**Task input**
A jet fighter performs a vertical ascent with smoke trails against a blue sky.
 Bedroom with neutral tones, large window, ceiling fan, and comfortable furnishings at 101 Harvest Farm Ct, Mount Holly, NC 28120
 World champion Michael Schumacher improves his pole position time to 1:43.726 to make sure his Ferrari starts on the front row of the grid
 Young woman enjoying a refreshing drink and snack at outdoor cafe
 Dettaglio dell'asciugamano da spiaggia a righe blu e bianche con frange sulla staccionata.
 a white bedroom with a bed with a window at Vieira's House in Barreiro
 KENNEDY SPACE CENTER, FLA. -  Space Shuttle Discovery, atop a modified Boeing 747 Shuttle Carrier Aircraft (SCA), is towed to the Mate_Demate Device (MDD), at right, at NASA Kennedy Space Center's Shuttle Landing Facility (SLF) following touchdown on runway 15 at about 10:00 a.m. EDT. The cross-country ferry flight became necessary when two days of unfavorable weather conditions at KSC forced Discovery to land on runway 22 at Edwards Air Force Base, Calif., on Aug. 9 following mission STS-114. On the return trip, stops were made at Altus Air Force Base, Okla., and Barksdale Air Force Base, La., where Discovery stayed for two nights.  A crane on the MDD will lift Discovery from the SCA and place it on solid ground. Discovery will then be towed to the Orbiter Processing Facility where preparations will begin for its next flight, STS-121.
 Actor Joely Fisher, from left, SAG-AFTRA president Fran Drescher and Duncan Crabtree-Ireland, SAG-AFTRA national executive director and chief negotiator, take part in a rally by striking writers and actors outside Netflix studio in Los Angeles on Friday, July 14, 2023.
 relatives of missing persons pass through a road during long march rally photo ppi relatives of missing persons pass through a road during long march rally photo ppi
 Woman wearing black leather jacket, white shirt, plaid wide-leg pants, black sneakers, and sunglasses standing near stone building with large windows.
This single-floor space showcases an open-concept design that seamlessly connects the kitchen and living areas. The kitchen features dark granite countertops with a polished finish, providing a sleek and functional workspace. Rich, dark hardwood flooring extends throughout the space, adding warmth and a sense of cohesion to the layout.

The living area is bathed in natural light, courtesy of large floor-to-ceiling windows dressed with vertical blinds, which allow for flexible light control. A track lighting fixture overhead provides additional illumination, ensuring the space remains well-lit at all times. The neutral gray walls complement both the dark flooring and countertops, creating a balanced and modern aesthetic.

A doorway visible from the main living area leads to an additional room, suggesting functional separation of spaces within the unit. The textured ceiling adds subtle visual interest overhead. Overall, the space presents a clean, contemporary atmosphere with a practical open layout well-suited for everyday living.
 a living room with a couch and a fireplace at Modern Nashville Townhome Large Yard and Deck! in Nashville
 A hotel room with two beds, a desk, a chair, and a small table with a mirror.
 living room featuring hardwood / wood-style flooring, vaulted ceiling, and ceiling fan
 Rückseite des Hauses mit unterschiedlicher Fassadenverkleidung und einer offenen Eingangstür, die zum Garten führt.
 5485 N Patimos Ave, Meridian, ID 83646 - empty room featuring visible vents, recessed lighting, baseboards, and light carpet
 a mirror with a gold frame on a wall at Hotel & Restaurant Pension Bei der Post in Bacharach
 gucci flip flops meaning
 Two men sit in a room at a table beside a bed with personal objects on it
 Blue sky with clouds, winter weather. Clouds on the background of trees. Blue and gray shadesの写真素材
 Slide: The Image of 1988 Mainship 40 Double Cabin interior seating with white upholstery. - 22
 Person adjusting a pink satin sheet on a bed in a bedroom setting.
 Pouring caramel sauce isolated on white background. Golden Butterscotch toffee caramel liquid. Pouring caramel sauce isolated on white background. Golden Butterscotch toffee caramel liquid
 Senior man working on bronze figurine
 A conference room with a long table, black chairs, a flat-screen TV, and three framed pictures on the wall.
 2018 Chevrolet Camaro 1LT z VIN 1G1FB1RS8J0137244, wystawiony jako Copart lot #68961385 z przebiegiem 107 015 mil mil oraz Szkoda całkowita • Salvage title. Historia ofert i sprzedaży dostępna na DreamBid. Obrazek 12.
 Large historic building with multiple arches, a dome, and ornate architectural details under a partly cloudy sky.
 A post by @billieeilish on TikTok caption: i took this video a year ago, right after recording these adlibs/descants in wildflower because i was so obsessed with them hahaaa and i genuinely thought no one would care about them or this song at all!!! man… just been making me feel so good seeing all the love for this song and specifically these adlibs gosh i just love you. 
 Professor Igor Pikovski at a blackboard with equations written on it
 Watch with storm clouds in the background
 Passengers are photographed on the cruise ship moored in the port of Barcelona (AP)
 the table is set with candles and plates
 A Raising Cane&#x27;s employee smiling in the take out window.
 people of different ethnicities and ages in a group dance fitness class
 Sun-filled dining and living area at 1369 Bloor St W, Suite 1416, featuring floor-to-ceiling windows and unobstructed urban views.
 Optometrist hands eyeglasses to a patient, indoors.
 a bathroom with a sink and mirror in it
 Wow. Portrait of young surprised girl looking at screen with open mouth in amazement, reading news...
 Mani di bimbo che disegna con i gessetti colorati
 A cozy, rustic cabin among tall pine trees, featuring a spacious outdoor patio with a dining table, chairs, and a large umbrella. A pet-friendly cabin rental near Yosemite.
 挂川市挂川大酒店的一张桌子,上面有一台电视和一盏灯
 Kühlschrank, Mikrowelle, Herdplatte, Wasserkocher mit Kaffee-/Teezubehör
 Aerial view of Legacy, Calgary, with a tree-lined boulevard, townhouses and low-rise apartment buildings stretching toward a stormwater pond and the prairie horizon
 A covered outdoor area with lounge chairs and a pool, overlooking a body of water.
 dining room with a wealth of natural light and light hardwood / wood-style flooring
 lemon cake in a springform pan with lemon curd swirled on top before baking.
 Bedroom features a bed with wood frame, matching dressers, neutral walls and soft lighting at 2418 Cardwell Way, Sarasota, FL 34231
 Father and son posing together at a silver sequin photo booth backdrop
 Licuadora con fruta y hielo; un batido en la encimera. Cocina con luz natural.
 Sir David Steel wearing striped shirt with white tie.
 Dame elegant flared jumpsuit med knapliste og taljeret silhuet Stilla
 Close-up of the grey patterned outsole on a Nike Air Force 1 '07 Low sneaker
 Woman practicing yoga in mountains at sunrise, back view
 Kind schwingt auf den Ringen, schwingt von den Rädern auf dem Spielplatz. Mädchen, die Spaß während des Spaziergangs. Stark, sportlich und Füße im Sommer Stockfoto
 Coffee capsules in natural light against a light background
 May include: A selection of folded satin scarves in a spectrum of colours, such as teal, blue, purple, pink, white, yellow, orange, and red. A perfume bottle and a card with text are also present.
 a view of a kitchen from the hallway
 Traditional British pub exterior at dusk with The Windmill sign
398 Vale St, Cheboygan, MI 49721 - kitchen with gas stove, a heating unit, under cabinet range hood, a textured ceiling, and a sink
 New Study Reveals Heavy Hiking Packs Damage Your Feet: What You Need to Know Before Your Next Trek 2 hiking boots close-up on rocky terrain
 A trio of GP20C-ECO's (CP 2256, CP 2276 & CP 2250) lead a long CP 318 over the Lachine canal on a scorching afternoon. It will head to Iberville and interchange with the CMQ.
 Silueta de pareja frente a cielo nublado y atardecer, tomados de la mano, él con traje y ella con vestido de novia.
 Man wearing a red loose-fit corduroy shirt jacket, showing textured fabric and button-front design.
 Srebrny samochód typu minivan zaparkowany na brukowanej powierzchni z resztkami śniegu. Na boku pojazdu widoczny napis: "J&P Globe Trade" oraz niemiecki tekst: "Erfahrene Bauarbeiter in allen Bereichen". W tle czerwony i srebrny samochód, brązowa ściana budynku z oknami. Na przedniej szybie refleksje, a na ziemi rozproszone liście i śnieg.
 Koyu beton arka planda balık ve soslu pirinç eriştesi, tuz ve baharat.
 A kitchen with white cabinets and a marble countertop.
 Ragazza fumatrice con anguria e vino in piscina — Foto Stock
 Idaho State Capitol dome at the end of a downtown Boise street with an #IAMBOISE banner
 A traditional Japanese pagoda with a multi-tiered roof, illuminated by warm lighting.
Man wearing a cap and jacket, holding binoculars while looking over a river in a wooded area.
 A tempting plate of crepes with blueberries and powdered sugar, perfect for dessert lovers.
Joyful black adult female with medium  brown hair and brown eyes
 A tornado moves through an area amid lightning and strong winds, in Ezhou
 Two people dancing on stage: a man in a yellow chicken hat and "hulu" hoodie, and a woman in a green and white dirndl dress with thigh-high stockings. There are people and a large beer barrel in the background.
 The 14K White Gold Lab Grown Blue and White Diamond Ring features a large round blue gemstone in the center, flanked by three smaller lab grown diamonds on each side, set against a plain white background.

**To do**
Go through the entries and copy each line holding the string "mirror".

**Answer space**
 A hotel room with two beds, a desk, a chair, and a small table with a mirror.
 a mirror with a gold frame on a wall at Hotel & Restaurant Pension Bei der Post in Bacharach
 a bathroom with a sink and mirror in it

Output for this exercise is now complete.